Что же до одинокого горестного моления Иисуса в саду Гефсиманском, то Аретино придумывает собственную более пространную версию обращения Христа к Отцу - помимо краткой трагиче­ской фразы. И вводит в этот сюжетный момент видение Иисусом «Рая и гармонии его сфер» (p. 166 ed altri). Бог-Отец, вообще все время переживающий происходящее, ответствует Сыну. Аретино забирается в своих сочинительских выдумках так далеко, что впервые вдруг чувствует потребность предупредить читателей: Христос «не произнес слов, которые я говорю, но я воображаю, что он должен был бы сказать…». Далее следуют измышленные автором новые обращения Иисуса к Богу-Отцу и Небу (p. 166-167).
Необходимо признать, что в заключительных разделах «Человечности Христа» Аретино достигает наибольшей связности и свободы, а также воодушевления. Писатель умело сплетает разные линии и эпизоды. Крестный ход изображен по-настоящему красочно и, пожалуй, впервые в духе живописной варьета (p. 172-173). Выразительно и сказочно-устрашающе описаны двое разбой­ников, распятых одесную и ошую Христа (p. 183-184). Опять подтверждается, что Аретино всякий раз считает необходимым описать в малейших подробностях внешность и одежду персонажей. Это касается карикатурно-чудовищного безобразия распятых разбойников, и того, который хулил Христа, и того, кто воззвал к нему с жалостью и молитвой (p. 183-184). Ариосто дает волю воображению касательно «всех изъянов, которыми может наделить природа», описывая лоб, глаза, брови, губы, подбородок…
Это тщательное разглядывание относится и к самому Иисусу на кресте, лицо и нагое тело которого Аретино дает читателю увидеть воочию, подчас в мельчайших деталях, очень крупным планом (p. 182-183).
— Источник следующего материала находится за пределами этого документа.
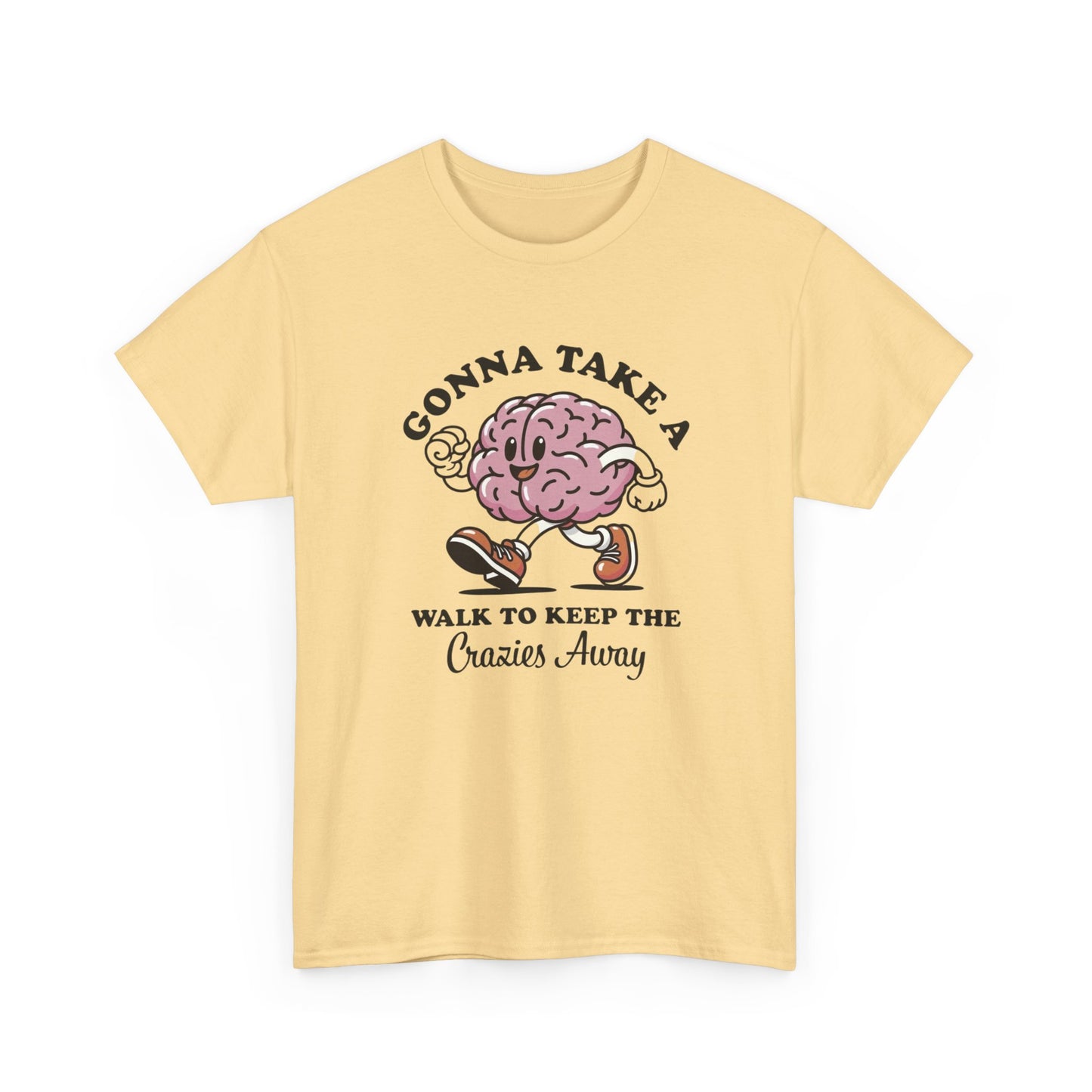 Gonna Take A Walk Mental Health Graphic T Shirt Unisex Heavy Cotton Tee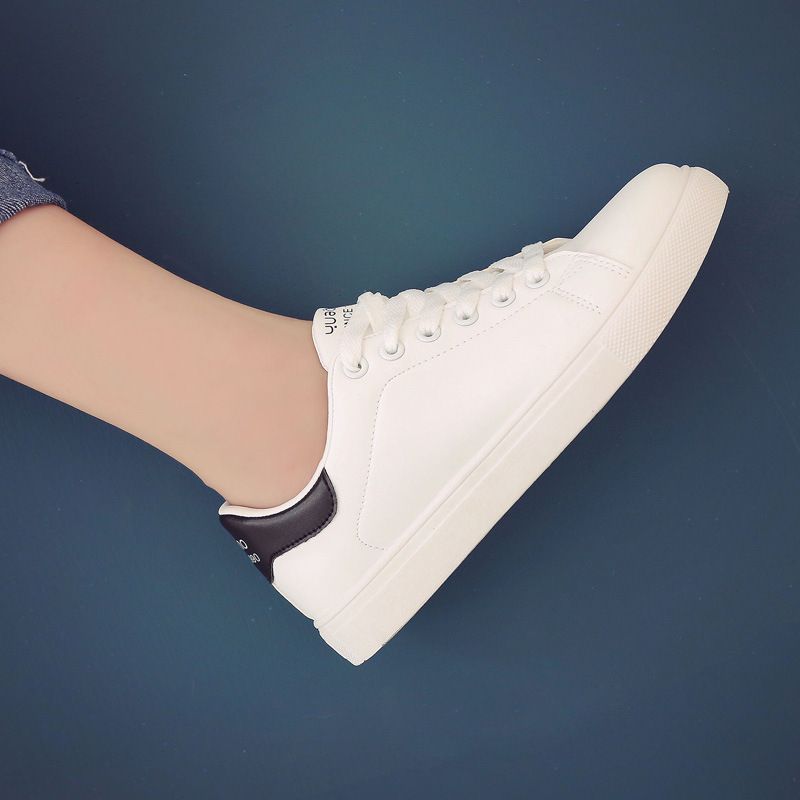 2025 Summer New White Sneakers For Women, Internet Celebrity Korean Style, Student Lace-up Flat Sports Casual Shoes 6608_vogvips.com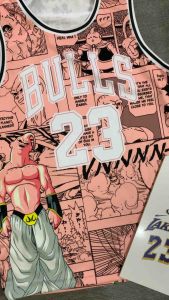 JERSEY BULLS CHICAGO 23 MOTIF DRAGON BALL CUSTOM PINK SWINGMAN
Каждый эпизод - что-то вроде программы для живописца.
Желая и напугать, и растрогать, и удивить читателя, Аретино замечает, что Христа «преступные люди принялись бичевать с такой свирепостью, будто дождь, излившийся на его плоть, отделил божественность от человечности, как огонь от воды или золото от серебра, так что человеческое оставалось все черным от ударов, а божественное, хотя и не оставалось беззащитным, но поддерживало человечность, искаженную муками. И зимние ветры, и летний град падают с неба так часто, как удары обрушивались на Христа, оскверняя его тело, столь далекое от всякой брутальности. И звуки ударов, хлеставших по его спине, были такие громкие, что слышны были и в Раю». Донеслись они и до Бога-Отца, и тот с трудом сдерживал гнев по поводу наших грехов и наказал людей впоследствии войнами, чумой и голодом. Мучители были столь бессердечны, что даже «змеи из Ливии, африканские львы и гирканские тигры, окажись они там, расплакались бы» (p. 184-185). Таковы орнаментальные красоты в духе освоенного Аретино жанра. Не упускает автор и разъяснить в духе аллегорических топосов, что крест был сколочен из досок пальмы и кедра, ибо пальмой венчают победителя - того, кто «поверг смерть своей жизнью. А кедр, который сохранен навсегда, означает его вечную славу» (p. 189-190).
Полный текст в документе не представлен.